Captioned web images ->
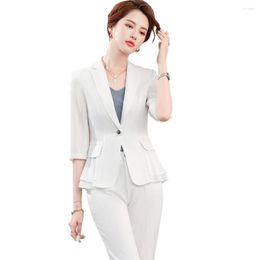 Women's Two Piece Pants Black White Women Half Sleeve Ruffle Blazer And Pant Suit Elegant Office Lady Formal Set For Spring Summer Work Wear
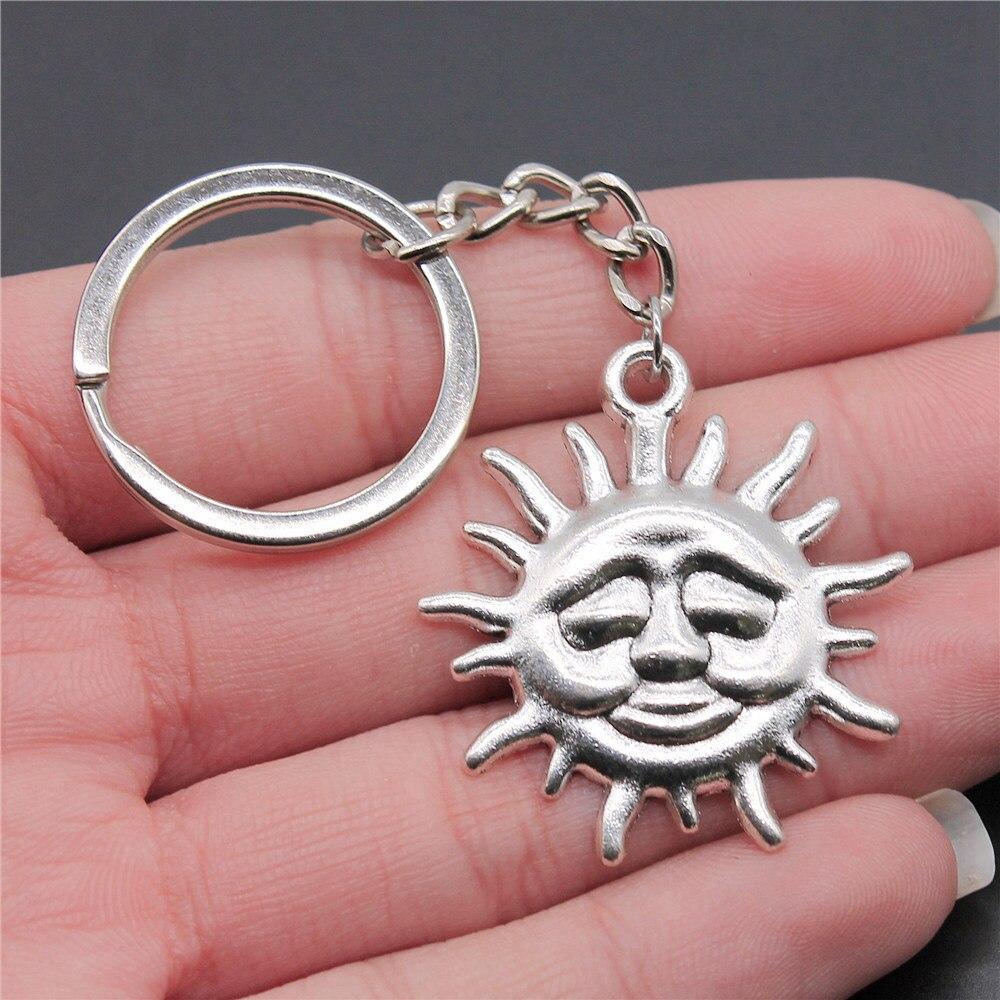 Schlüsselanhänger mit Sonnenmotiv, Zubehör für Schlüsselanhänger aus Metall zum Selbermachen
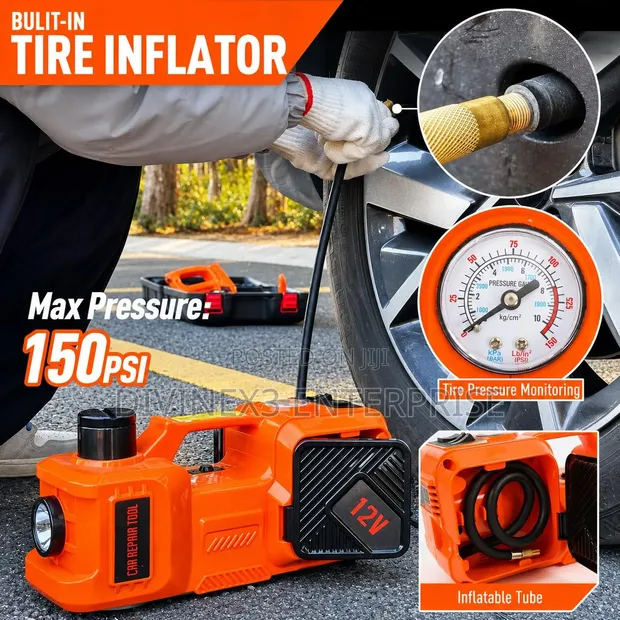 5-Ton 3-in-1 Electric Car Jack with Inflator & LED - 1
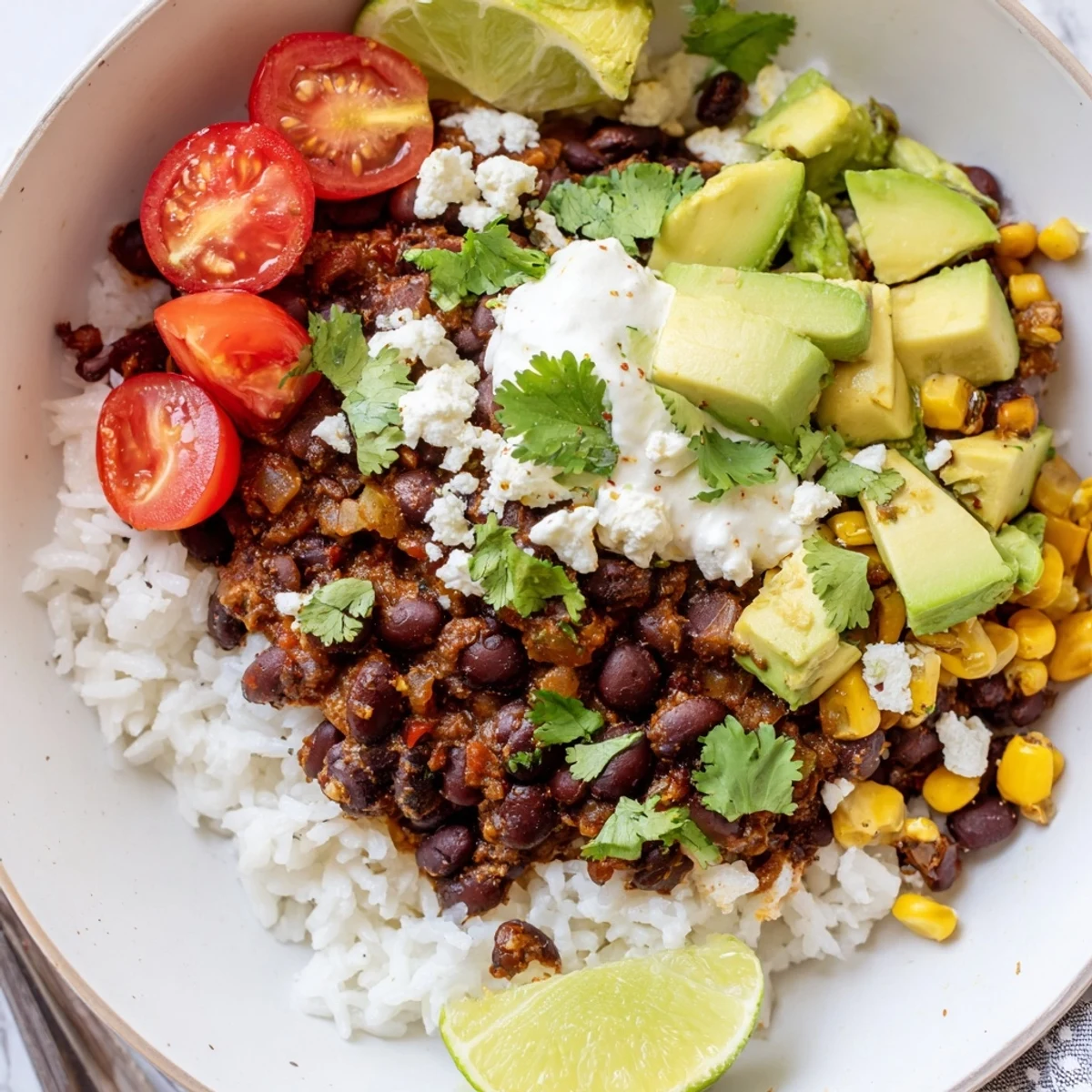 Black bean and rice bowl served with juicy tomatoes, corn, and lime wedges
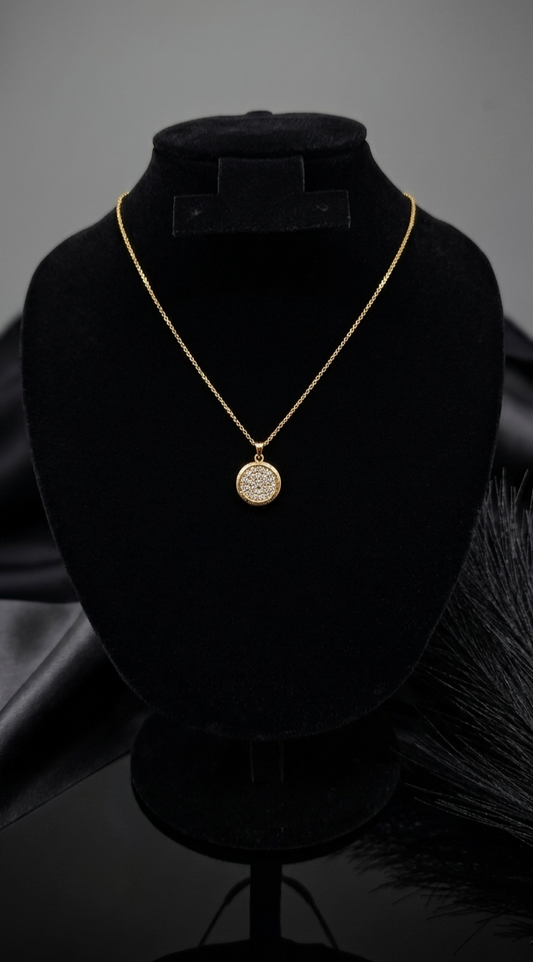 24k Gold Plated Pave Medallion Necklace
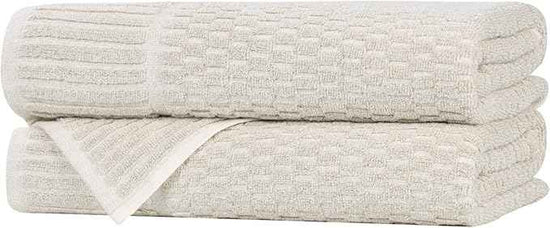 Superior Juno Viscose Cotton Blend Medium Weight Towels, for Bathroom, Shower, Spa, Plush, Quick Dry, Ultra-Soft Towels, Bath Essentials, Border Detail, Bath Towels, Set of 2, Beige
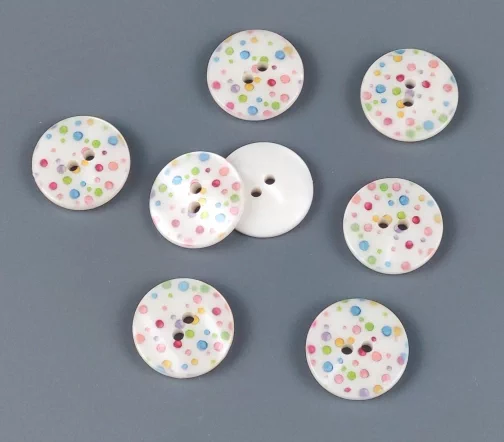 Пуговица, 2отв., пластик, цв. белый/мульти, 15 мм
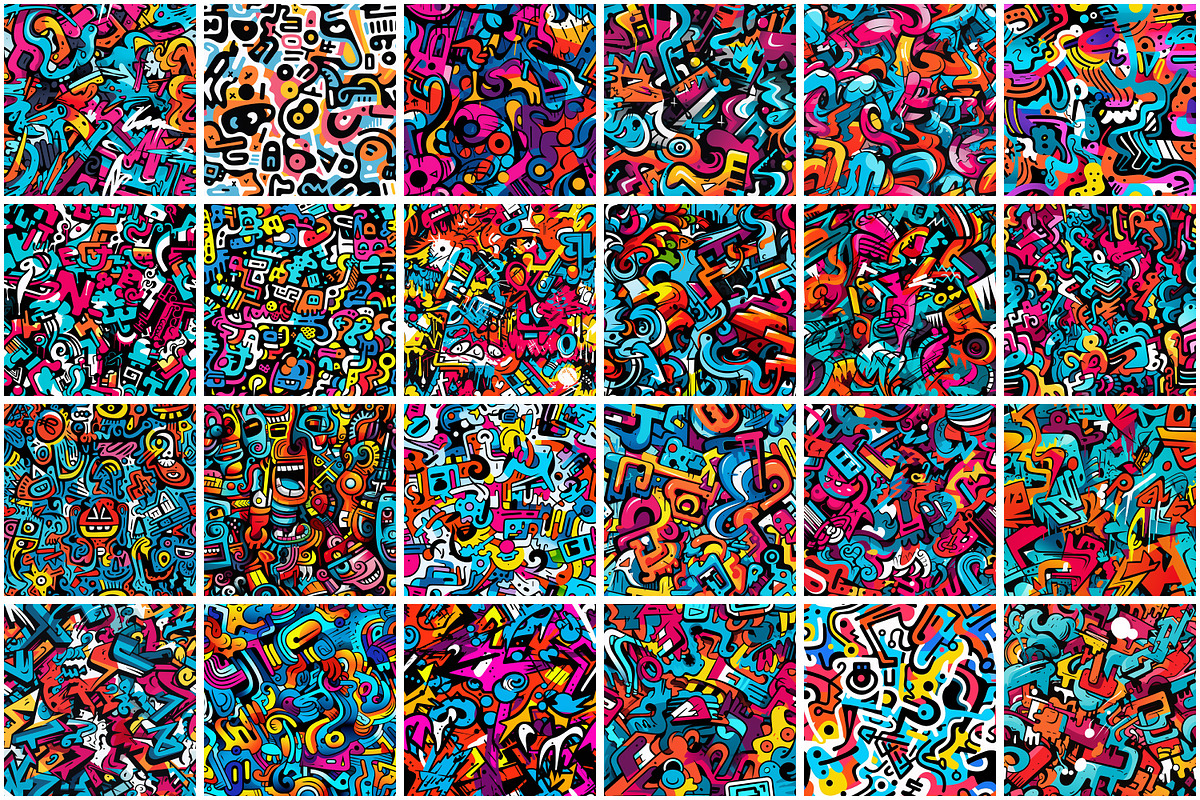 Graffiti Pattern, a Pattern Graphic by Forhadx5 (Photo 5 of 17)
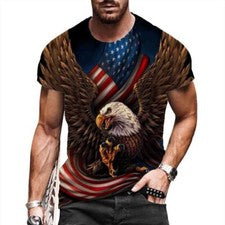 Camiseta Hombre Manga Corta Bandera Estadounidense Águila Moda Estampado Gráfico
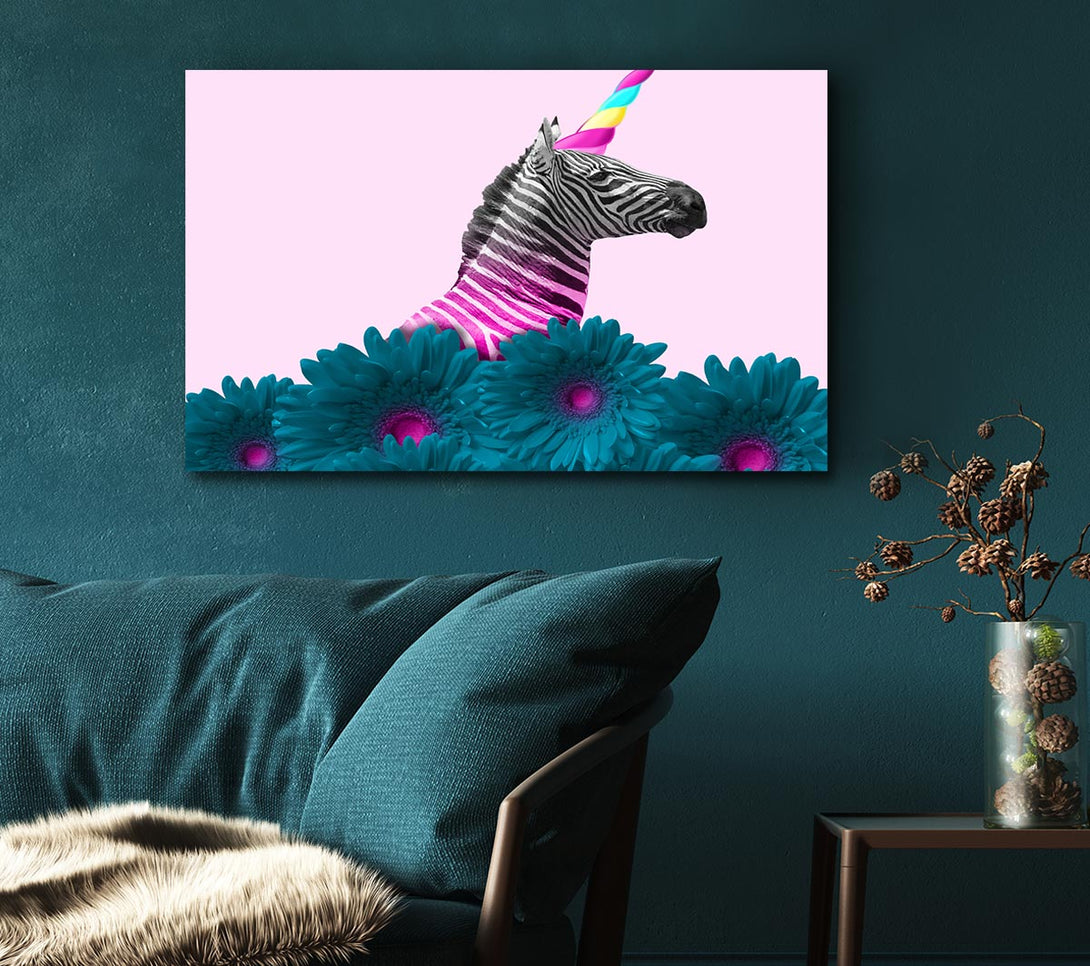 Picture of The Horned Zebra Canvas Print Wall Art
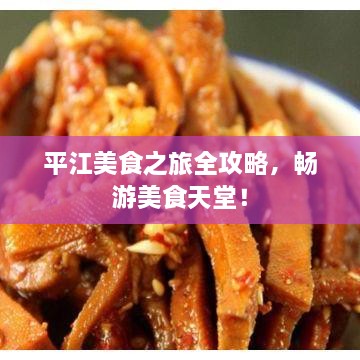 平江美食之旅全攻略，暢游美食天堂！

What to work on -> Transcribe, word for word, the line holding "Schlüsselanhänger mit Sonnenmotiv, Zubehör" and all lines after it in the entries above, ending with the last. Only those lines; no pictures.

The answer ->
 Schlüsselanhänger mit Sonnenmotiv, Zubehör für Schlüsselanhänger aus Metall zum Selbermachen
 5-Ton 3-in-1 Electric Car Jack with Inflator & LED - 1
 Black bean and rice bowl served with juicy tomatoes, corn, and lime wedges
 24k Gold Plated Pave Medallion Necklace
 Superior Juno Viscose Cotton Blend Medium Weight Towels, for Bathroom, Shower, Spa, Plush, Quick Dry, Ultra-Soft Towels, Bath Essentials, Border Detail, Bath Towels, Set of 2, Beige
 Пуговица, 2отв., пластик, цв. белый/мульти, 15 мм
 Graffiti Pattern, a Pattern Graphic by Forhadx5 (Photo 5 of 17)
 Camiseta Hombre Manga Corta Bandera Estadounidense Águila Moda Estampado Gráfico
 Picture of The Horned Zebra Canvas Print Wall Art
 平江美食之旅全攻略，暢游美食天堂！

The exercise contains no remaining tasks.